Trata siempre de ver en tus muchachos, en la catequesis, a los 
«hijos del Padre» que él llama a constituir su familia, en la que se 
vive, según el ejemplo de Jesucristo, unidos en el amor del Espíritu 
Santo. 

PARA LA ORACIÓN A-D/A-SEMPER-PRIMERO
Tú nos has amado primero, Señor. 
Hablamos de ti como si nos hubieses 
amado primero una sola vez. 
En cambio, continuamente, día a día, 
durante toda la vida, tú nos amas primero. 
Cuando me despierto por la mañana 
y elevo hacia ti mi espíritu, 
tú eres el primero, tú me amas primero. 
Si me levanto al alba e inmediatamente 
elevo a ti mi espíritu y mi oración, 
tú me precedes, me has amado ya primero. 
Y siempre es de esta manera. 
Y nosotros, ingratos, hablamos 
como si nos hubieses amado primero 
una sola vez.

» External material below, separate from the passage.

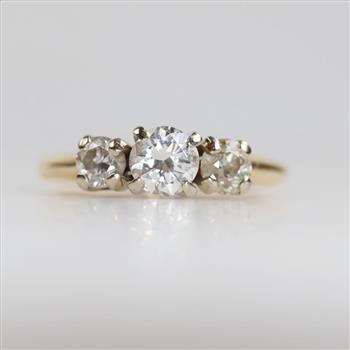 10kt Gold Diamond Ring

Amén. 
(S. ·Kierkegaard)

Te pido, Señor, 
que me ayudes a amar.
Concédeme derramar 
el amor verdadero en el mundo.
Haz que tu amor 
penetre en el corazón de los hombres.
Haz que nunca olvide yo 
que la lucha por un mundo mejor 
es una lucha de amor, 
en servicio del amor.
Ayúdame a amar, 
a no malgastar mis capacidades de amar, 
a amarme cada vez menos 
para amar cada vez más a los demás, 
a fin de que en torno a mí 
no muera ni sufra nadie 
por haber yo robado el amor 
que ellos necesitaban para vivir. Amén.